Transcribe everything in the listing as written, and let no image into the copy.

※

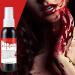 Halloween Blood Fake Blood Makeup 60ml Washable Realistic Vampire Blood Party Props Halloween Makeup Stage Blood Fake Syringe for Zombie Vampire Cosplay Makeup - Buy Online on GoSupps.com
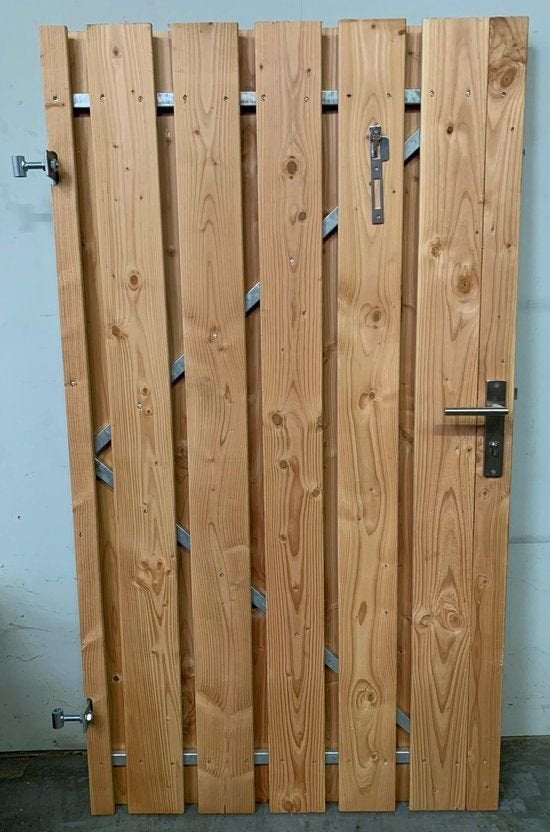 Tuindeuren op stalen frame v.a. 99,- najaars aanbieding, Tuin en Terras, Tuinpoorten, Nieuw, Ophalen of Verzenden, 150 tot 200 cm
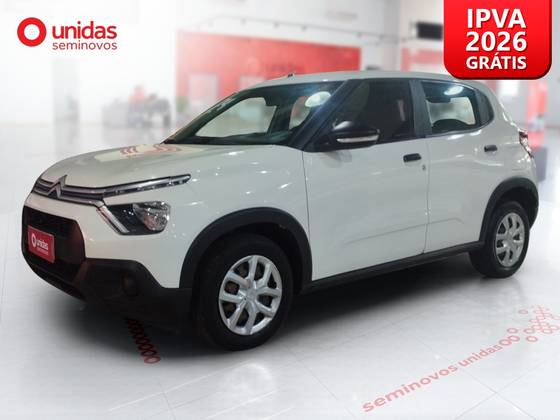 CITROËN C3 1.0 FIREFLY FLEX LIVE PACK MANUAL
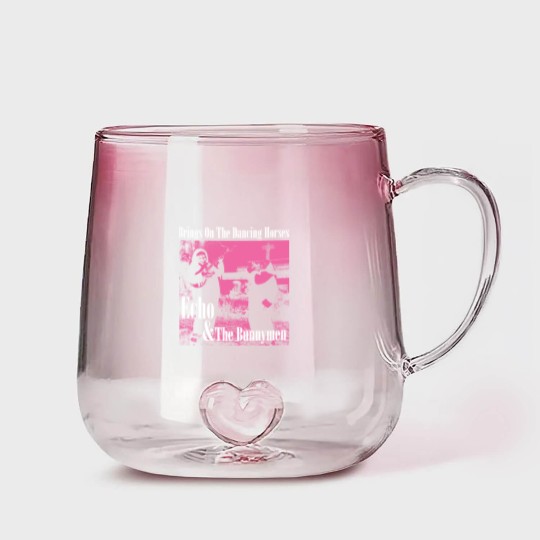 Discover vintage echo and the bunnymen fanmade - Echo And The Bunnymen - Gradient Glass Mugs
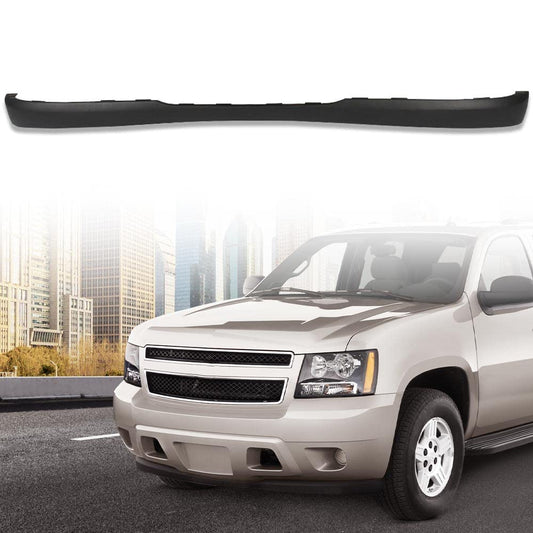 G-PLUS Front Bumper Air Dam Deflector Lower Valance Compatible with 2007-2013 Chevy Avalanche Suburban Tahoe Primed Without Off Road Package GM1092208 15203734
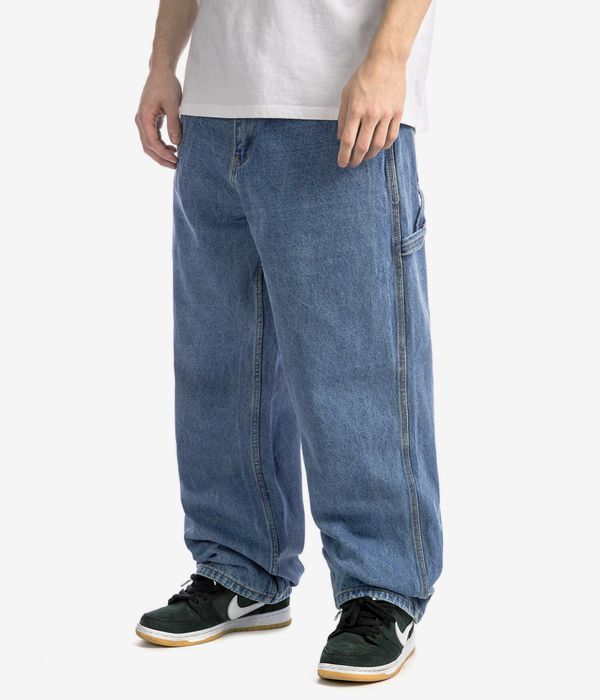 Butter Goods Weathergear Heavy Weight Denim Jeans (washed indigo)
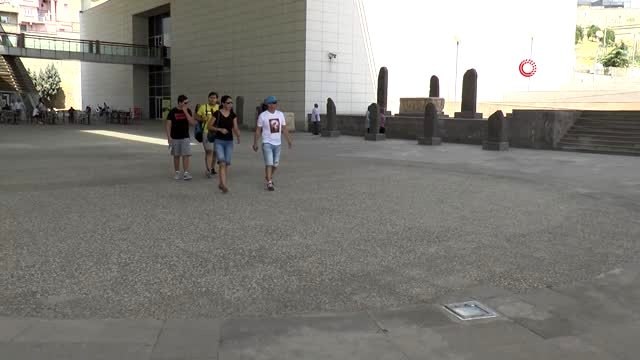 Zeugma Mozaik Müzesi'nde bayram yoğunluğu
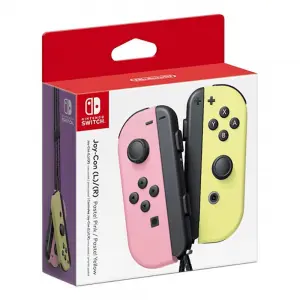 Nintendo Switch Joy-Con Controllers (Pastel Pink / Pastel Yellow) [MDE]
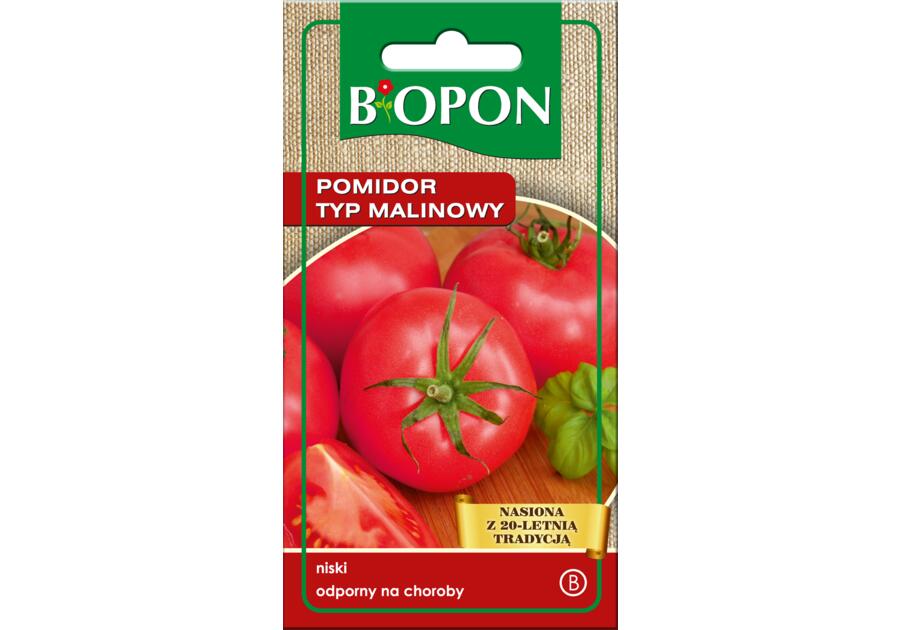 Zdjęcie: Pomidor Malinowy Kujawski 0,2 g BIOPON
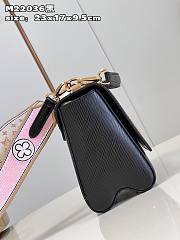 LV Twist bag M22036 black 23*17*9.5cm - 5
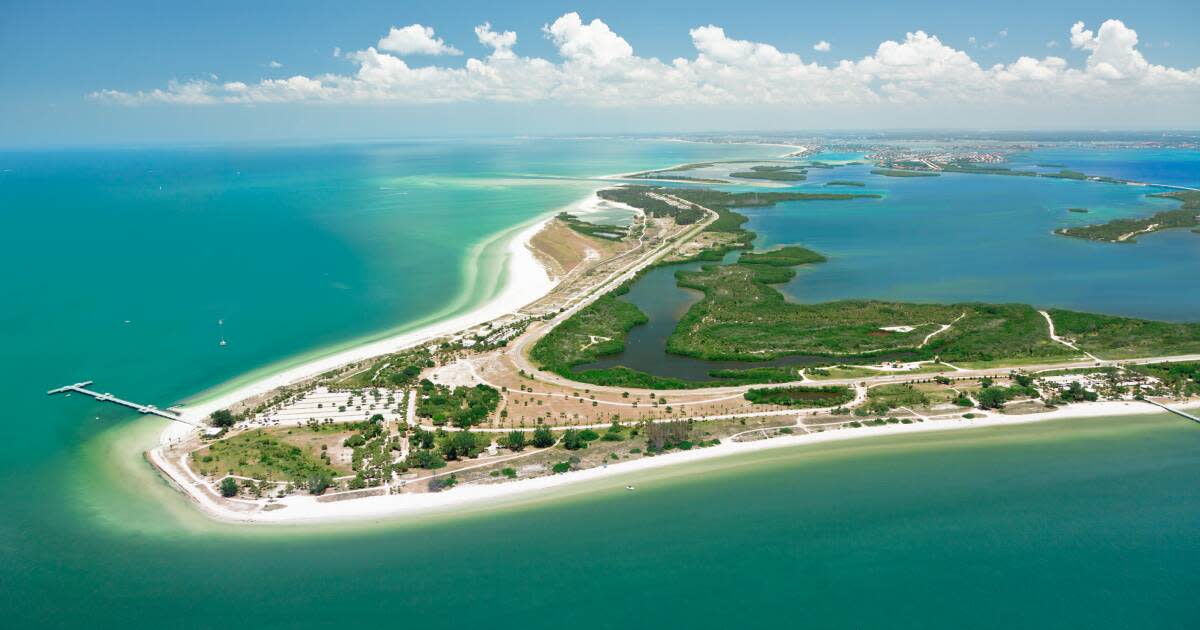 A No Fuss Fort De Soto Camping Experience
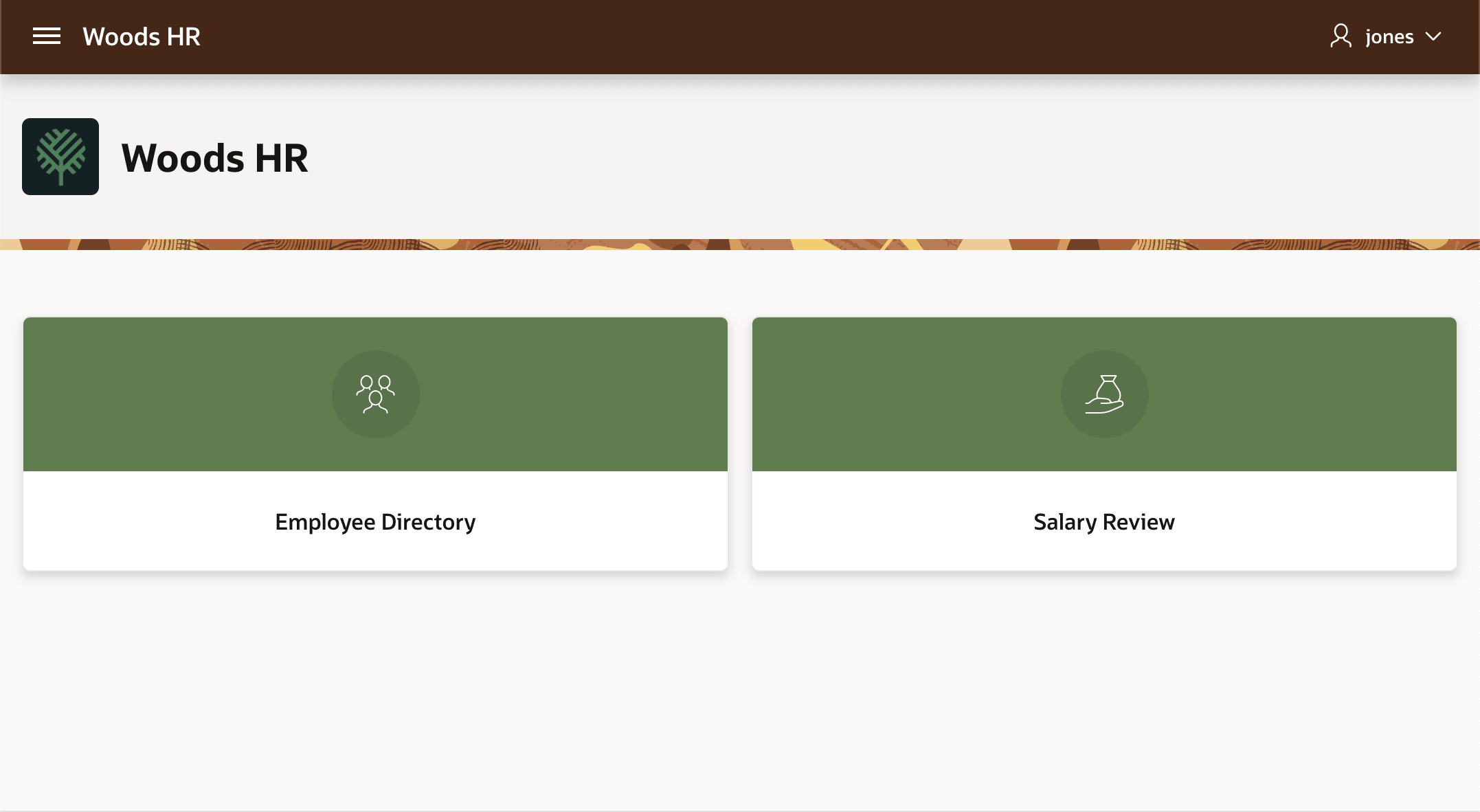 Now Managers Like Jones See the Salary Review Page Now Managers Like Jones See the Salary Review Page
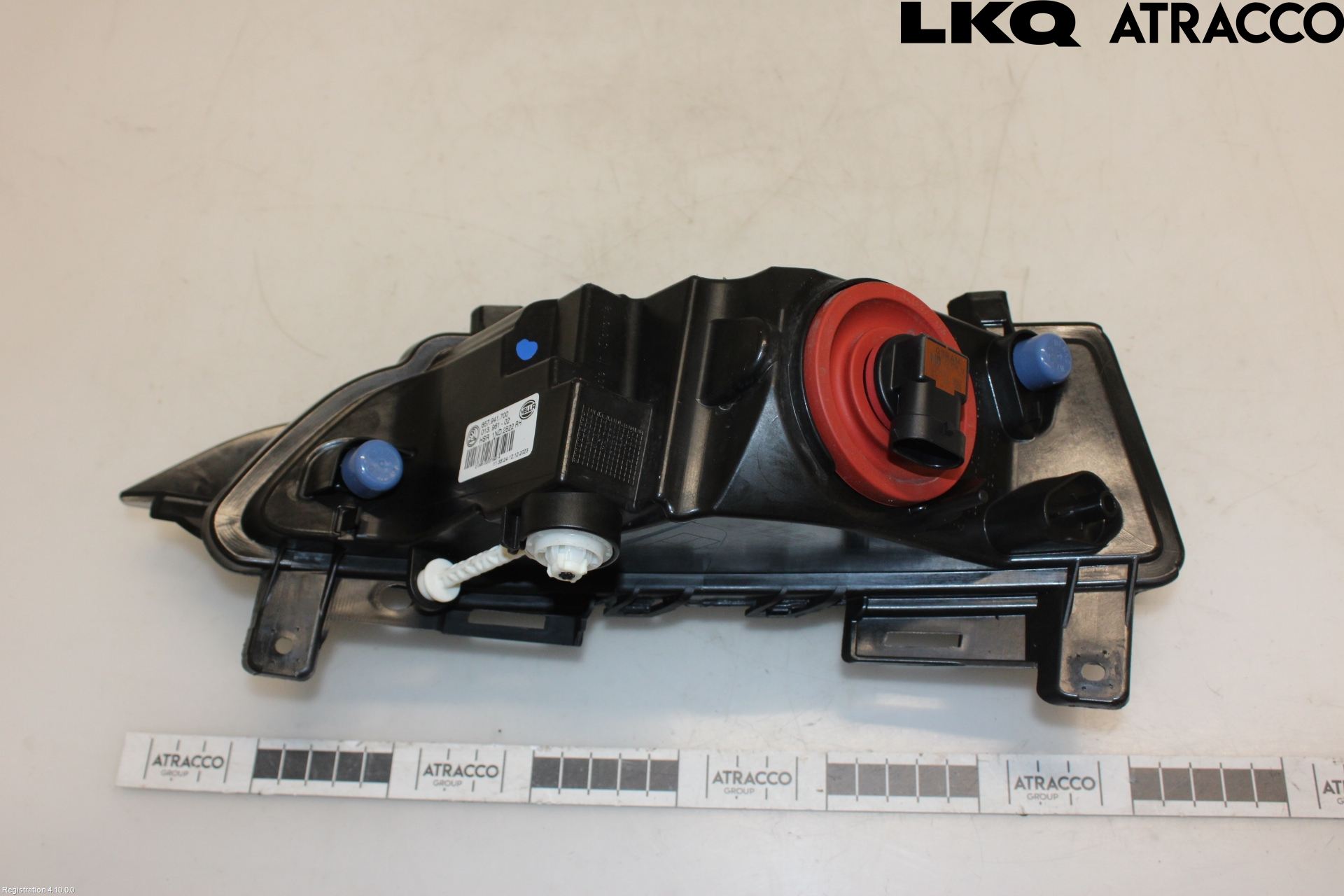 Skoda SCALA 19- Frontlykt-Kurve-Tåkelys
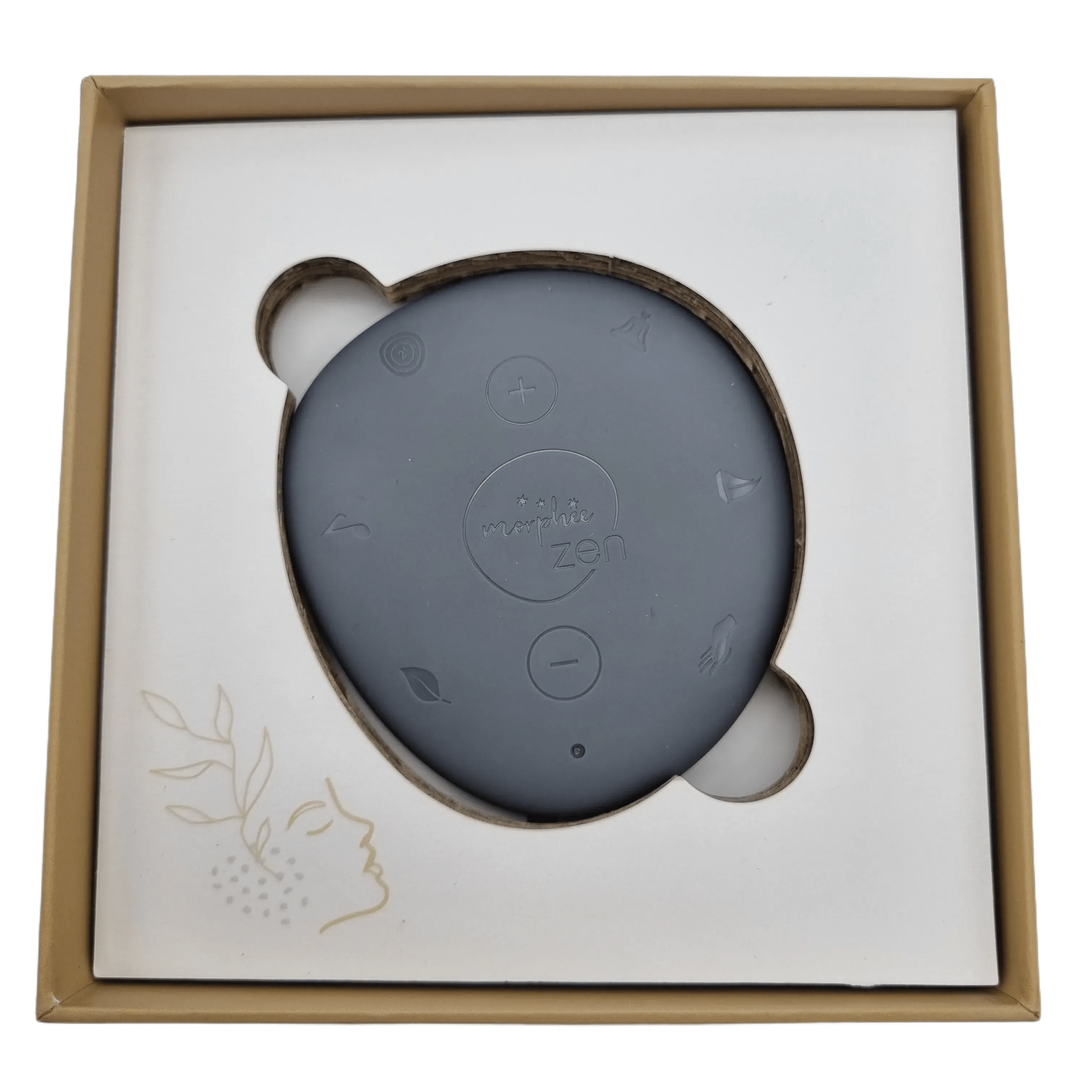 Morphee Zen Meditation Aid (MZTC1) In Box + Earphones + Charger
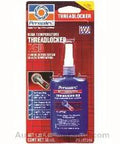 High Temperature Red Threadlocker For Fasteners, 36 Ml Bottle, Industrial Strength Locking Adhesive That Withstands Heat, Vibration, And Extreme Conditions in packaging.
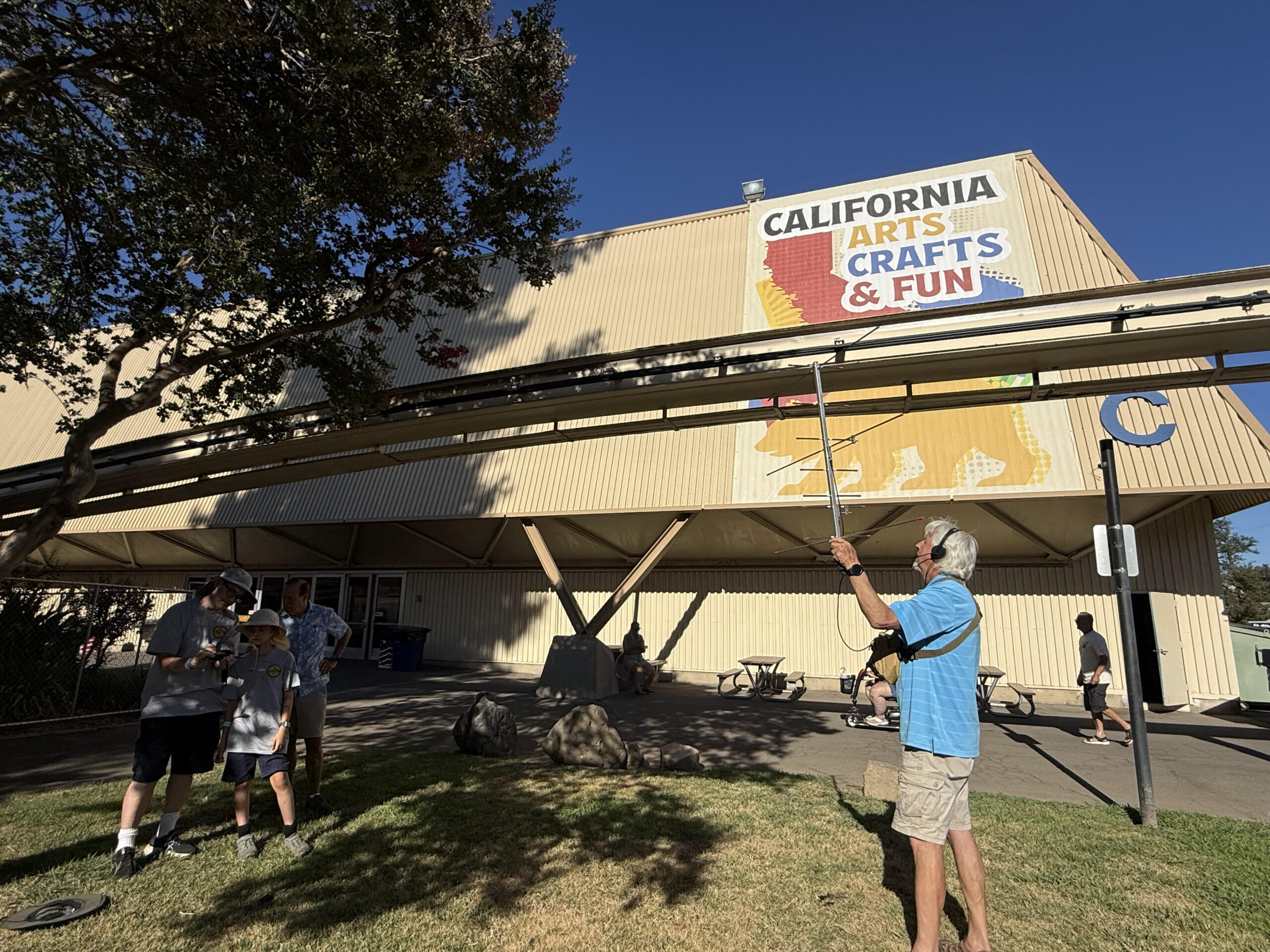 2026 State Fair – Satellite Operations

※

#### SOLUTION
 Halloween Blood Fake Blood Makeup 60ml Washable Realistic Vampire Blood Party Props Halloween Makeup Stage Blood Fake Syringe for Zombie Vampire Cosplay Makeup - Buy Online on GoSupps.com
 Tuindeuren op stalen frame v.a. 99,- najaars aanbieding, Tuin en Terras, Tuinpoorten, Nieuw, Ophalen of Verzenden, 150 tot 200 cm
 CITROËN C3 1.0 FIREFLY FLEX LIVE PACK MANUAL
 Discover vintage echo and the bunnymen fanmade - Echo And The Bunnymen - Gradient Glass Mugs
 G-PLUS Front Bumper Air Dam Deflector Lower Valance Compatible with 2007-2013 Chevy Avalanche Suburban Tahoe Primed Without Off Road Package GM1092208 15203734
 Butter Goods Weathergear Heavy Weight Denim Jeans (washed indigo)
 Zeugma Mozaik Müzesi'nde bayram yoğunluğu
 Nintendo Switch Joy-Con Controllers (Pastel Pink / Pastel Yellow) [MDE]
 Zdjęcie: Pomidor Malinowy Kujawski 0,2 g BIOPON
 LV Twist bag M22036 black 23*17*9.5cm - 5
 A No Fuss Fort De Soto Camping Experience
 Now Managers Like Jones See the Salary Review Page Now Managers Like Jones See the Salary Review Page
 Skoda SCALA 19- Frontlykt-Kurve-Tåkelys
 Morphee Zen Meditation Aid (MZTC1) In Box + Earphones + Charger
 High Temperature Red Threadlocker For Fasteners, 36 Ml Bottle, Industrial Strength Locking Adhesive That Withstands Heat, Vibration, And Extreme Conditions in packaging.
 2026 State Fair – Satellite Operations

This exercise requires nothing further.